The report tells of one instance in which ICE used backend Facebook data to determine when the account of the person in question was accessed, as well as the IP addresses corresponding to each login. The agents reportedly combined this data with other routinely used records, such as phone records, to pinpoint his location.
Alongside Facebook’s Cambridge Analytica scandal, the Intercept story underscores questions about Facebook’s data privacy, but the use of Facebook data in ICE’s investigations is not illegal. The Intercept reports that the Stored Communications Act lets law enforcement request information from third-party record holders, including Facebook.

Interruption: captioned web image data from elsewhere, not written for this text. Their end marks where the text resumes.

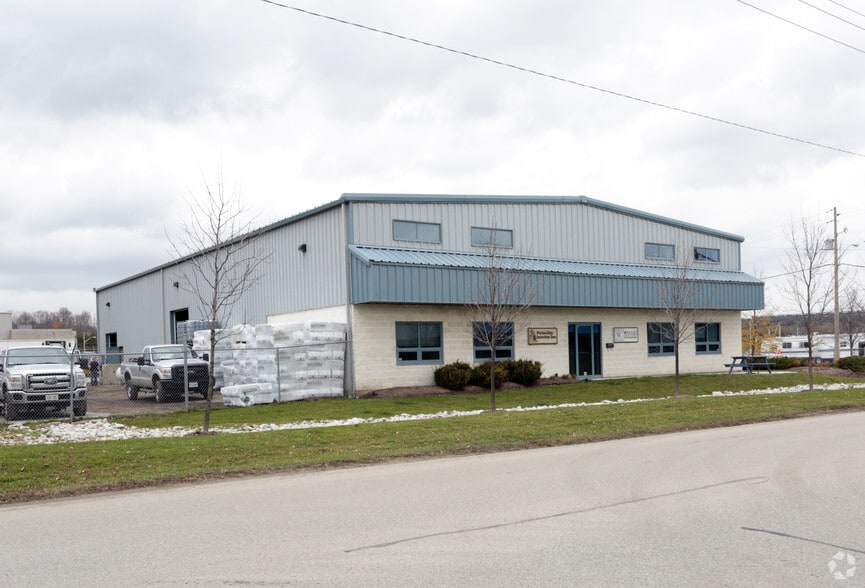 11 Crestview Pl, Kitchener, ON for sale - Primary Photo - Image 1 of 1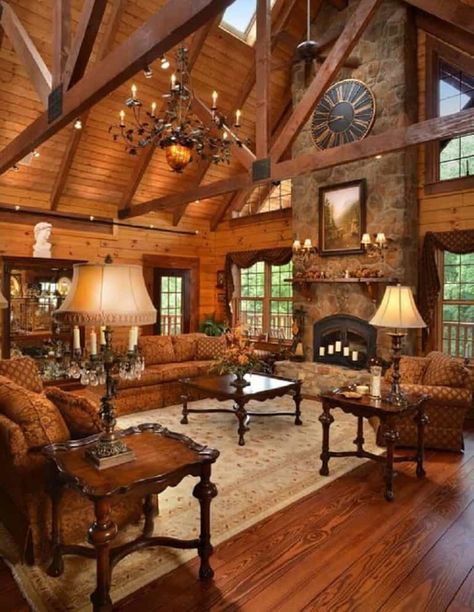 Cabin Great Room, Log Cabin Living Room, House Beautiful Living Rooms, Cabin Homes Interior, Log Home Interior, Cabin Loft, Cabin Fireplace, Cabin Interior Design, Log Cabin Living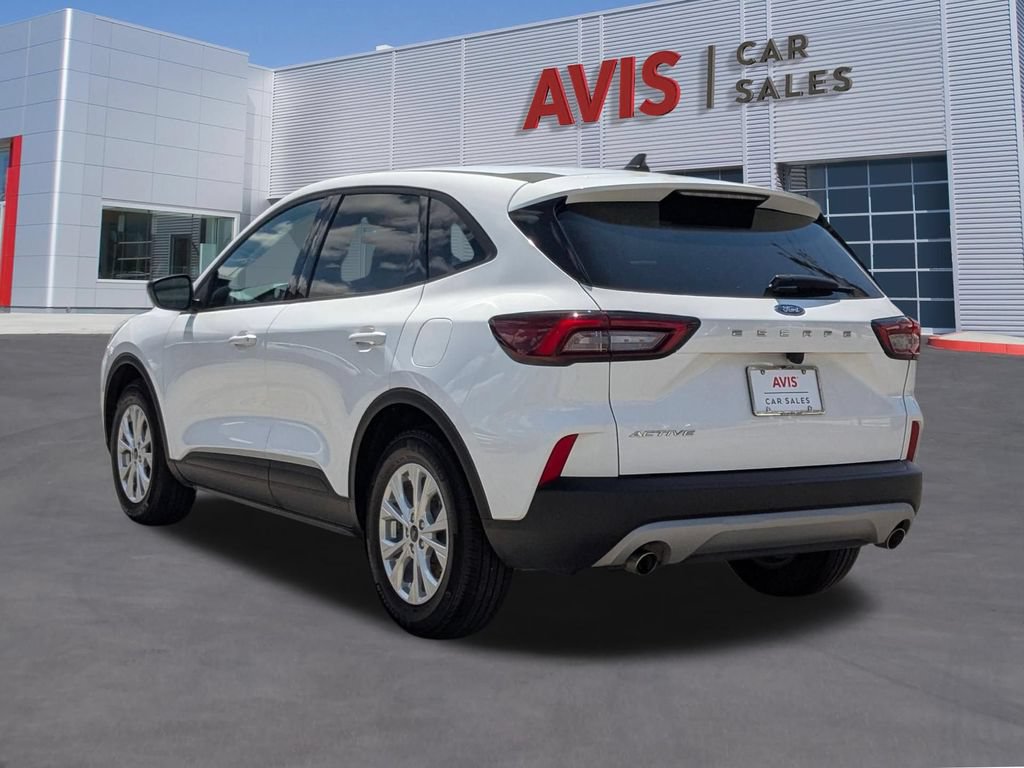 Used 2025 Ford Escape Active FWD image 3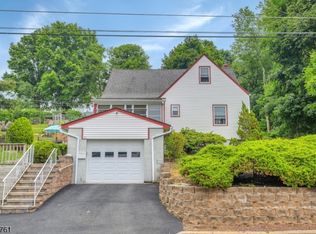 20 Koclas Dr, Netcong Boro, NJ 07857
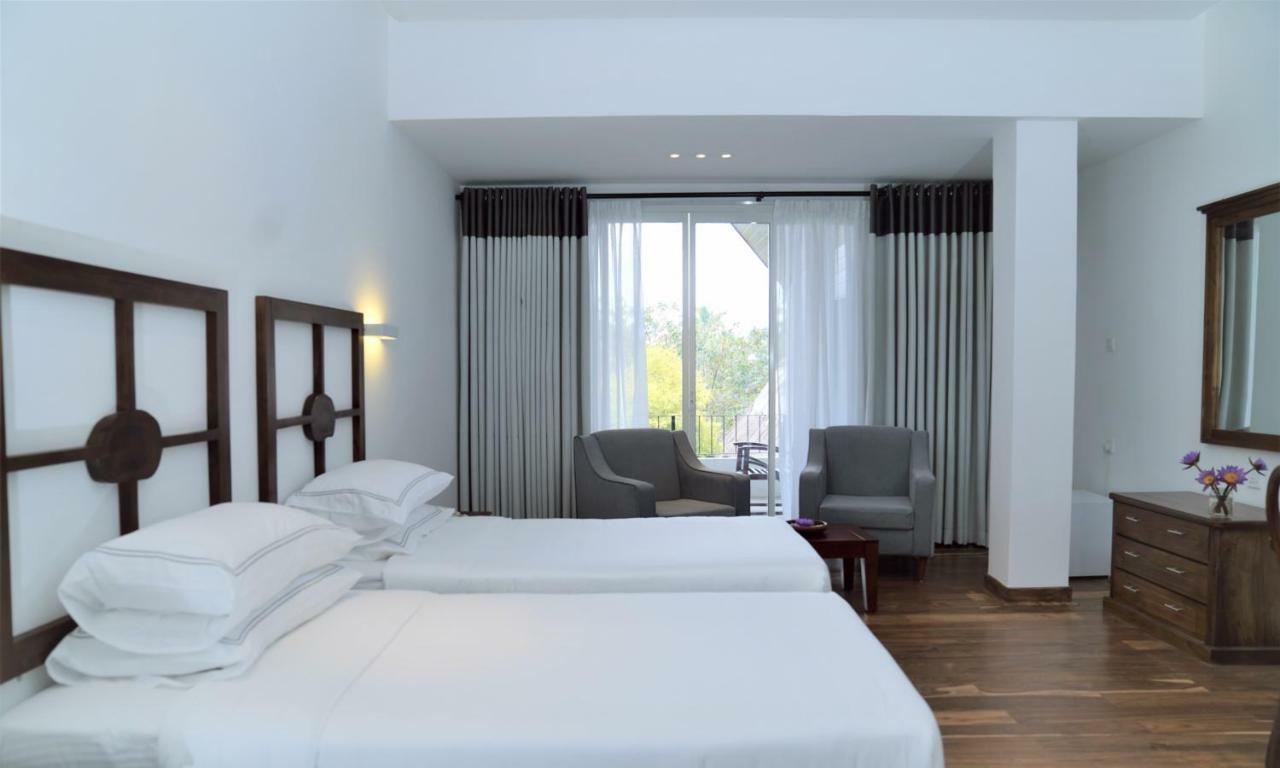 Avasta Resort And Spa Anuradhapura Exterior foto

Facebook corroborated this point, telling The Intercept that “ICE sent valid legal process to us in an investigation said to involve an active child predator,” explaining that it responded to this request “with data consistent with our publicly available data disclosure standards.” However, Facebook denies that the data was used to identify an immigration law violation, saying it “does not provide ICE or any other law enforcement agency with any special data access to assist with the enforcement of immigration law.”
Beyond the legal issue, the report further demonstrates the increasingly aggressive tools ICE is using in its mission to crackdown on immigration and comply with the Trump administration’s deportation drives. Last September, ICE worked with Motel 6 to obtain guest information and in January immigration agents targeted dozens of 7-Eleven stores, arresting 21 people suspected of being in the U.S. illegally.